#### [TASK REQUIREMENTS]
The whole listing, apart from its images, should be restated word for word.
Top of DATA EXCERPT
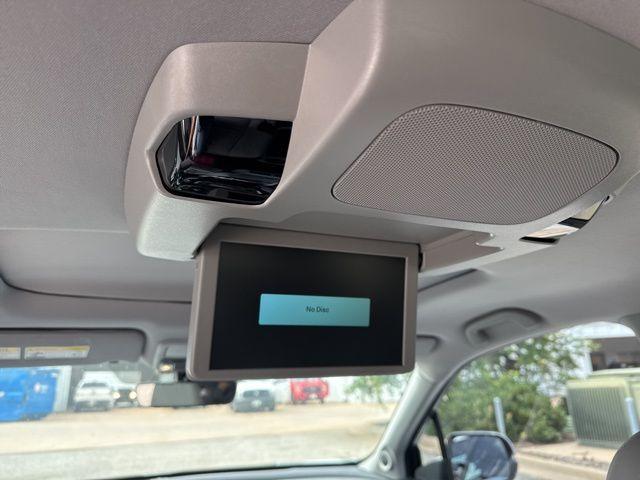used 2022 Honda Pilot car, priced at $35,591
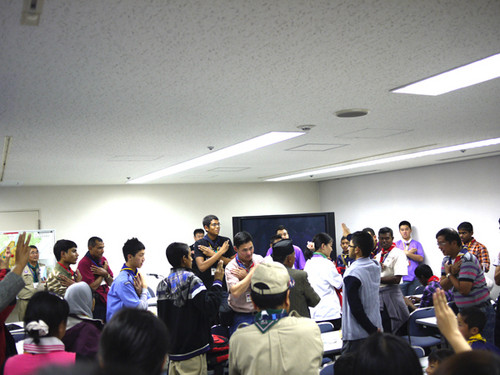 最後はスカウトらしく三指の敬礼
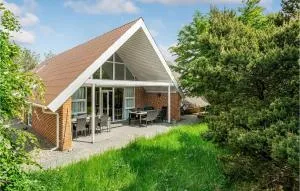 6 Bedroom Stunning Home In Rømø - Toftum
Bottom of DATA EXCERPT
#### [COMPLETED EXERCISE]
used 2022 Honda Pilot car, priced at $35,591
 最後はスカウトらしく三指の敬礼
 6 Bedroom Stunning Home In Rømø - Toftum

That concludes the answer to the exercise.